HC week 1 Flashcards
wie verzorgen behandeling en preventie van infectieziekten?
- huisarts
- GGD (bv. SOA’s of TBC)
- 2e/ 3e lijn = afhankelijk van ziektebeeld
(medisch specialist, internist, kinderarts-infectioloog)
benoem 5 standaard eigenschappen van bacteriën + 2 extra eigenschappen
- prokaryoten (geen celkern)
- eencellig
- dubbelstrengs, circulair DNA
- celwand
- celmembraan
- vaak ook plasmidaal DNA (extra) (kan makkelijk uitwisselen)
- soms flagel (staart voor voortbeweging)
benoem 4 voorbeelden van bacteriële infecties
- streptokokken faryngitis
- pneumokokken pneumonie
- lues (spiraalvormige bacterie)
- urineweginfectie door E. Coli
benoem 4 eigenschappen van virussen
- voor vermeerdering afhankelijk van gastheercellen
- alleen DNA of alleen RNA
- enkelstrengs of dubbelstrengs
- omgeven door eiwitmantel
benoem 4 voorbeelden van virale infecties
- bovenste luchtweginfectie
- hepatitis
- COVID-19
- rubella (rode hond)
wat zijn fungi en benoem 4 eigenschappen van fungi
fungi = schimmels + gisten
- eukaryoten (celkern)
- velen dimorf (kunnen zowel schimmel als gist zijn, afhankelijk van omstandigheden)
- gisten = unicellulair
- voortplanting door deling
- schimmels = vaak meercellig + vertakkende draden
- voortplanting door sporen
noem 3 voorbeelden van fungi
- schimmelnagel
- zwemmerseczeem
- tinea capitis (kale plek)
noem 3 eigenschappen van parasieten
- eukaryoten (celkern)
- parasitaire levenswijze
- voor ontwikkeling geheel of ten dele afhankelijk van gastheer (dier of mens)

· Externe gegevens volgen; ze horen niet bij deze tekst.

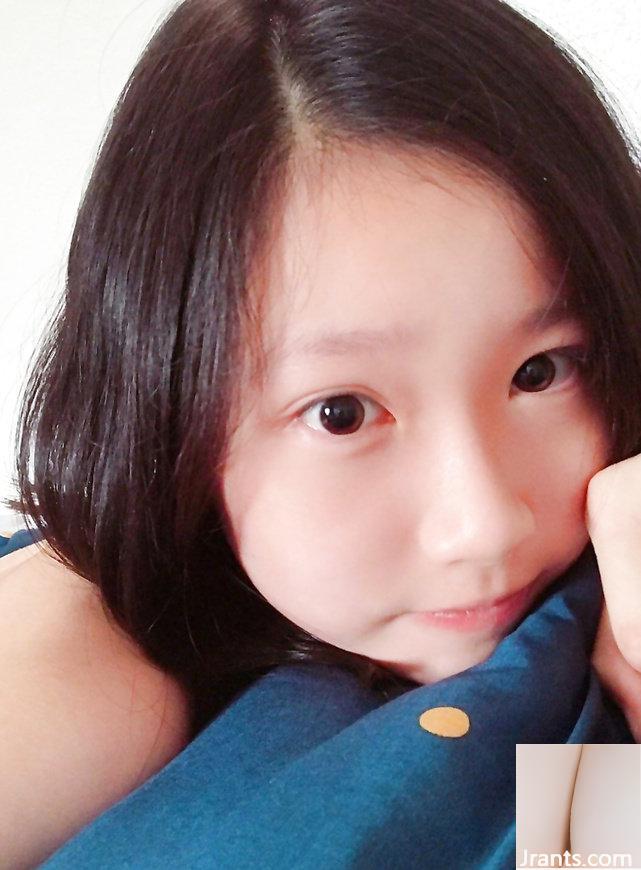 Em gái tóc ngắn dễ thương selfie cho anh xem (14P) - Ảnh 14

noem 3 voorbeelden van parasitaire infecties
- hoofdluis
- enterobius vermicularis (aarsmade)
- malaria parasiet
wat zijn pathogenen?
micro-organismen die ziek maken
zijn alle micro-organismen pathogeen?
nee
- meerderheid niet pathogeen
- sommige potentieel pathogeen
- enkele altijd pathogeen
wat is commensale flora?
kolonisatie specifieke micro-organismen op een bepaalde plek in het lichaam
verschillende plekken = verschillende micro-organismen
welke plekken in het lichaam zijn steriel?
- hersenen
- liquor
- binnenkant ogen
- bloed
- spier
(alles wat geen contact maakt met de buitenwereld)
wat houdt ‘staphylococcus aureus’ dragerschap in?
- 25% mensen drager op huid en andere plaatsen
- verwekker van veel infecties
(UWI, diarree, toxic shock syndroom, sinusitis, pneumonie, endocarditis) (zie afbeelding ppt)\
- niet iedereen ziek –> vaak eerst schade barrière nodig
wat is het verschil tussen klinisch en subklinisch?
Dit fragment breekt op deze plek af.